An 1889 Queen Anne Victorian in Savannah's Victorian District, plus three detached villas and a saltwater courtyard pool — fifteen rooms total, run as a single small inn. Azalea is the Savannah B&B done at a slightly larger and slightly more polished scale than the genre usually allows.
The setting is what you'd expect from Savannah: live oaks, Spanish moss, a quiet residential street a short walk from Forsyth Park. The bones are deeply Victorian — pressed-tin ceilings, fretwork, fireplaces. The recent operating hand has dialed back the heaviest elements and added a courtyard pool, which alone separates Azalea from the bulk of Savannah's historic guesthouses.
The setting
Azalea sits on West Gaston Street in the Victorian District, the residential neighborhood just south of the historic district proper. It's a five-minute walk to Forsyth Park (the iconic fountain, the live oaks, the Saturday farmers market) and ten to fifteen minutes' walk into the squares — Monterey, Madison, Pulaski, Lafayette — that define the historic core.

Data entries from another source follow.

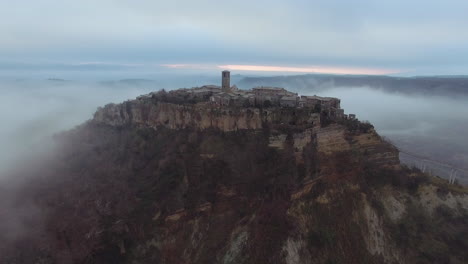 aerial dolly shot of civita di bagnoregio in the middle of the clouds at dusk. lateral shot revealing the old city. 4k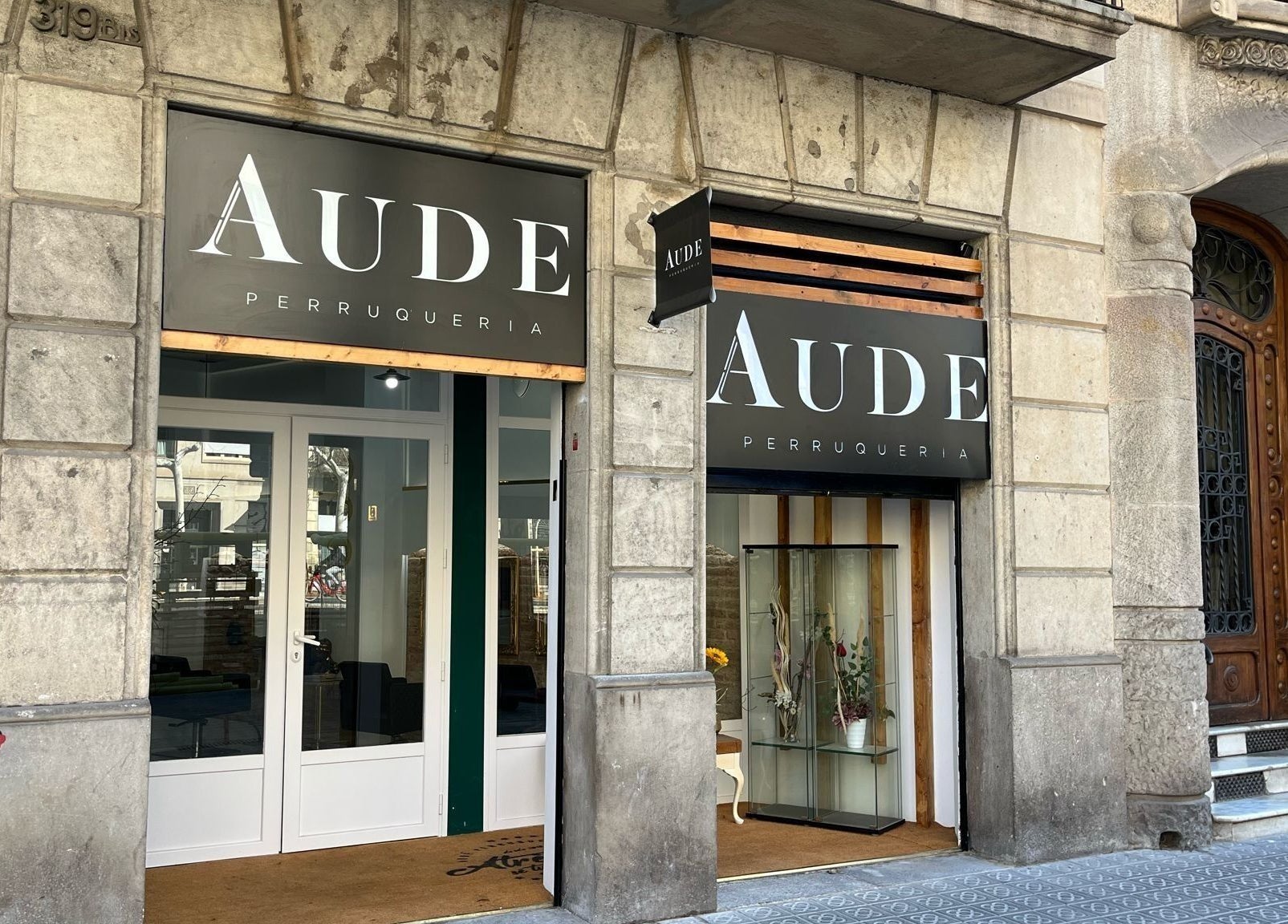 Fachada de Aude Perruqueria en Barcelona, Catalunya, ES, mostrando su entrada elegante y moderna.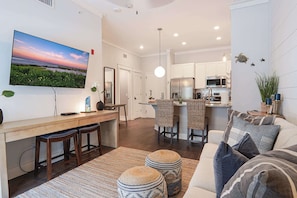 A modern living room with a large flat-screen TV, a dining area with wicker chairs, a kitchen with stainless steel appliances, and a cozy seating area with ottomans. - Gated King Condo Steps to Pier Village (St. Simons Island)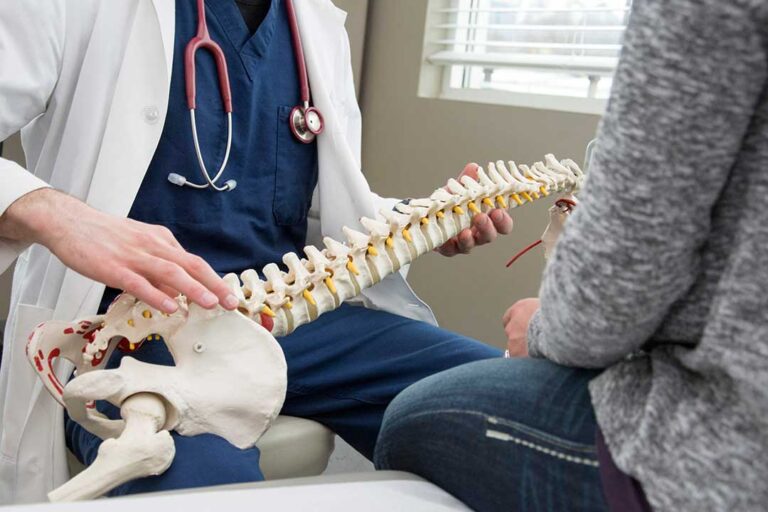 A chiropractor gently assessing a person's posture in a bright, comfortable clinical setting.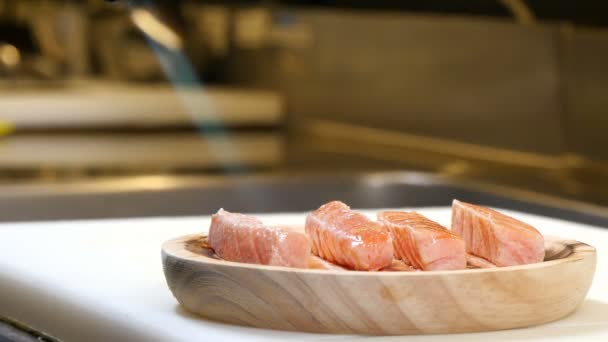 Sushi chef-kok koken zalm met een zaklamp — Stockvideo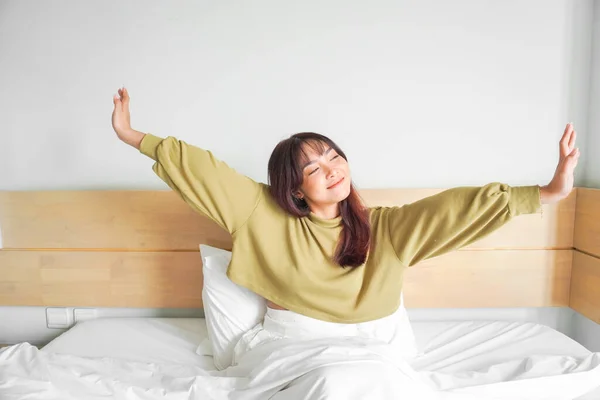 stock image Portrait of beauty happy Asian woman awaking, wake up on the bed (sleep). Young beautiful Asian girl stretching her arms in fresh early morning, relax peaceful morning routine yawn concept banner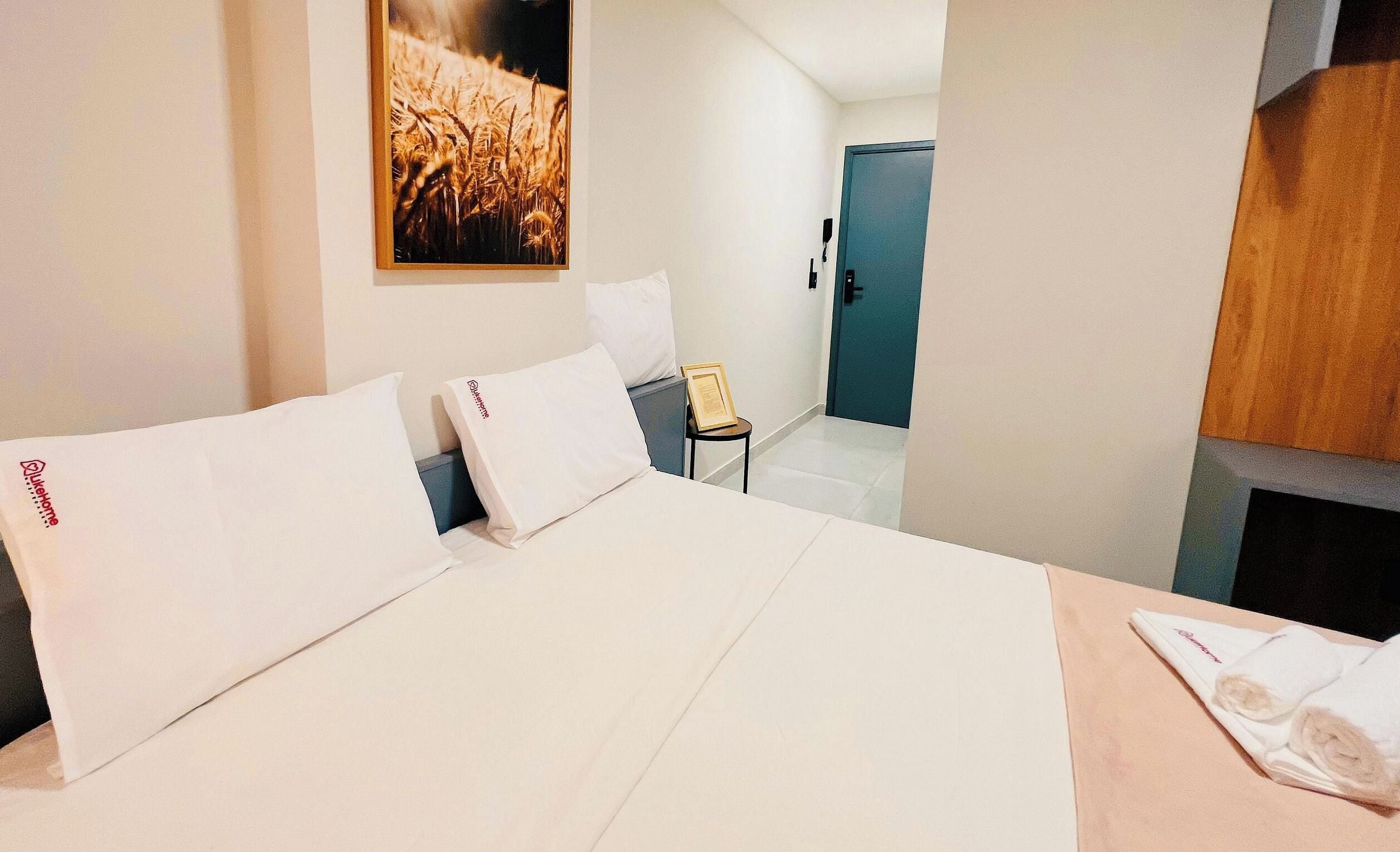 Una camera d'albergo con un letto, cuscini, un tavolino, una sedia, una porta e un quadro appeso al muro.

The street is quiet. The neighborhood is residential. River Street and the tourist heart of downtown are a fifteen-minute walk or a five-minute rideshare.
The building
The main inn is an 1889 Queen Anne — turret, wraparound porch, painted-lady color palette. The interior keeps the period bones (pressed-tin ceilings, working fireplaces in many rooms, ornate fretwork) and pairs them with updated bathrooms and good beds. Three villas at the back share the courtyard and the pool.
Materials: clapboard outside, plaster and pressed tin inside, antique furniture used in moderation rather than overpacking. The aesthetic is Neo-Victoriana without the doll-house chintz.
The rooms
Fifteen rooms across the main house and the villas. Categories range from compact rooms in the main house to full villa suites with private entrances. Most rooms have working fireplaces; bathrooms have been updated. Beds are king or queen depending on the room. The villa accommodations are best for guests who want more privacy — they have separate sitting rooms and private patios opening to the pool courtyard.

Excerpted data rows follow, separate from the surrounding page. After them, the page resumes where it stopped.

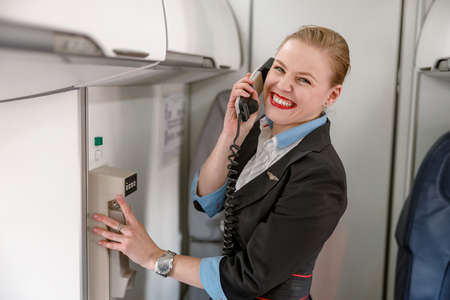 Cheerful flight attendant talking on telephone in airplane cabinの写真素材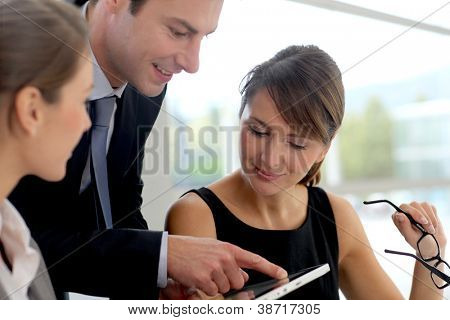 Picture or Photo of Business people meeting in office to discuss project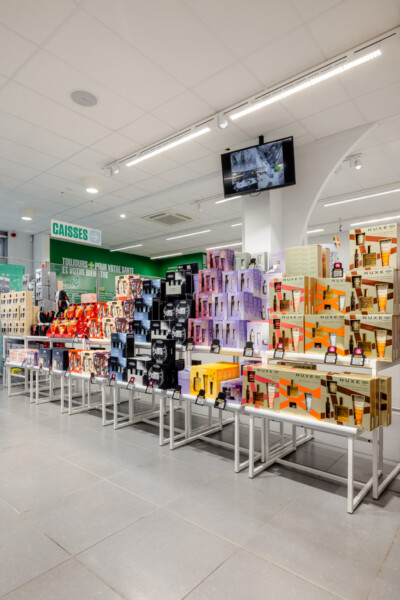 Medi-Market pharmacy retail display with Pitch shelving units featuring NUXE beauty products in orange, purple and natural wood finishes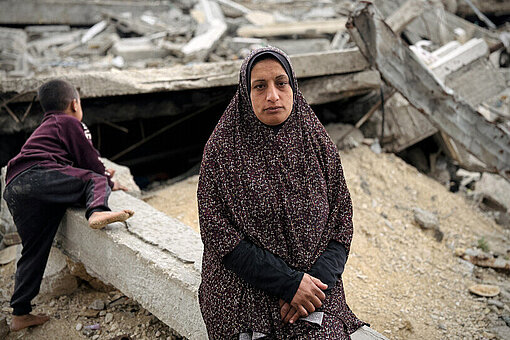 Suhad sitzt inmitten der Überreste ihres zerstörten Zuhauses Eine Mutter aus Gaza steht vor den Trümmern ihres Hauses. Hinter ihr klettert ein kleiner Junge gerade auf ein Trümmerteil.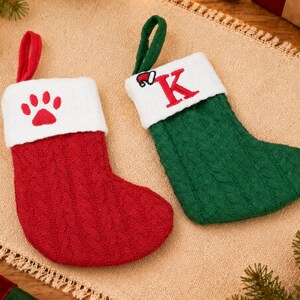 May include: Two cable-knit Christmas stockings with white cuffs. The red stocking features a red paw print on the cuff, while the green stocking displays a red letter K with a small Santa hat icon embroidered on the white cuff, each with a loop.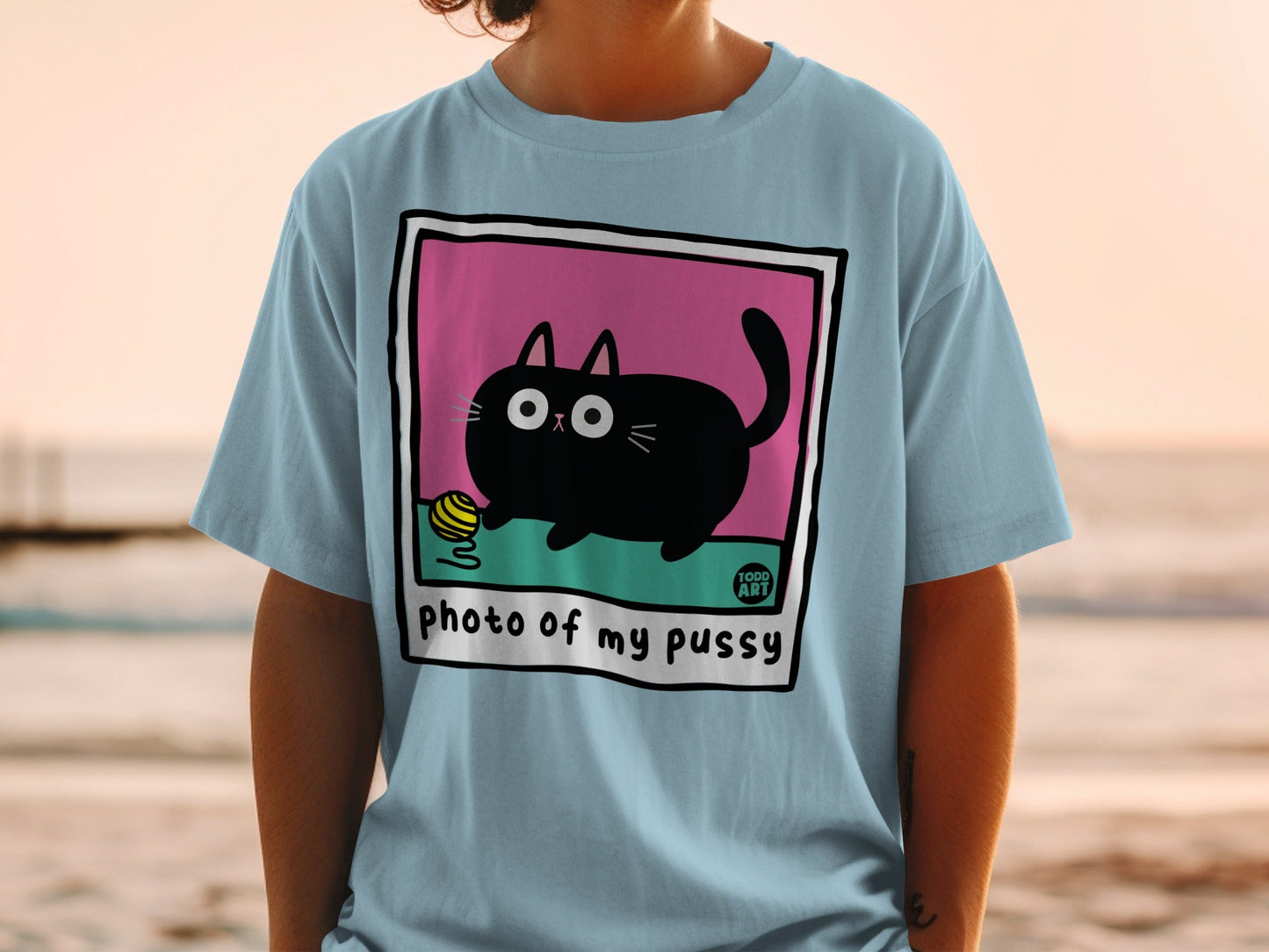 Light blue t-shirt featuring a cartoon black cat with big eyes playing with yarn.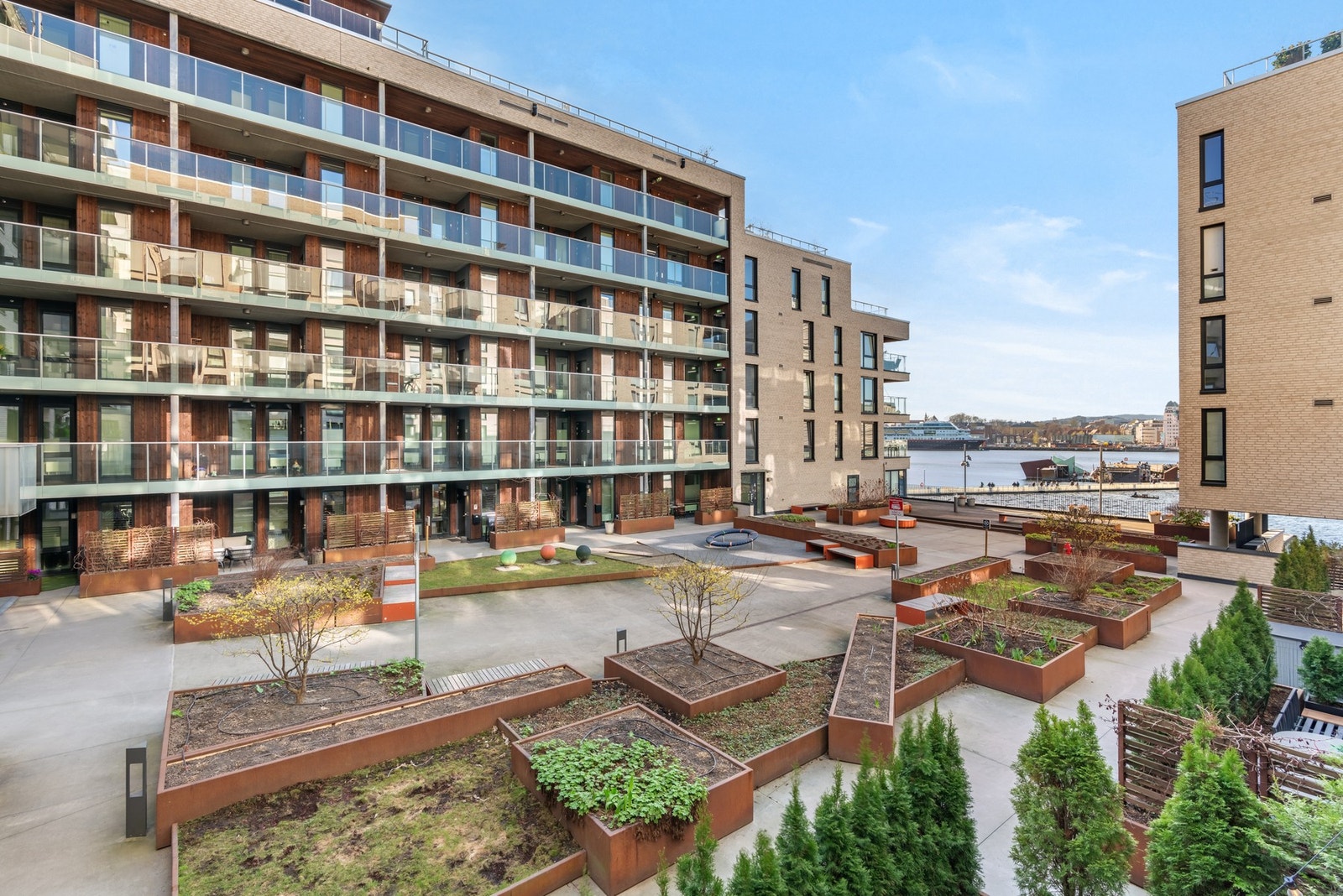 Fra balkongen er det utsyn til det hyggelige gårdsrommet og ut mot fjorden. Galleribilde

Rates start around $295 in shoulder season; festival and peak weekends climb.
Food & drink
A full Southern breakfast is included — served in the dining room or, weather permitting, on the porch. There's no on-site restaurant. Savannah's restaurant scene is dense and walkable: Husk, The Grey, Common Thread, Cotton & Rye are within a short rideshare. Forsyth Park's coffee scene (Foxy Loxy, the Coffee Fox) is walkable.
On the property
The saltwater courtyard pool is the differentiator — heated seasonally, surrounded by gardens and a few shaded loungers. Porches, the parlor with its fireplace, and the gardens are the rest of the social space.
- Saltwater courtyard pool (seasonal heating)
- Full Southern breakfast included
- Wine and snacks in the parlor most afternoons
- Pet-friendly select rooms
- Open year-round
Who it's for
- Travelers who want a real Savannah Victorian without the heavy chintz overlay
- Couples on a long weekend who'll walk to dinner
- Anyone who'd rather have a pool than another lobby
- Forsyth Park-adjacent travelers
Who it's not for
- Travelers who want to be on River Street or in the historic district proper
- Anyone needing a full-service hotel with restaurant, bar, and room service
- Light sleepers if a wedding party is on the books — confirm event schedule at booking
Nearby
Forsyth Park is five minutes on foot for the fountain, the trees, and the Saturday farmers market. The historic district squares — Monterey, Madison, Lafayette — start about ten minutes north. The SCAD Museum of Art is fifteen minutes. The Mercer-Williams House is ten. Bonaventure Cemetery is a ten-minute drive east. Tybee Island for the beach is twenty-five minutes east.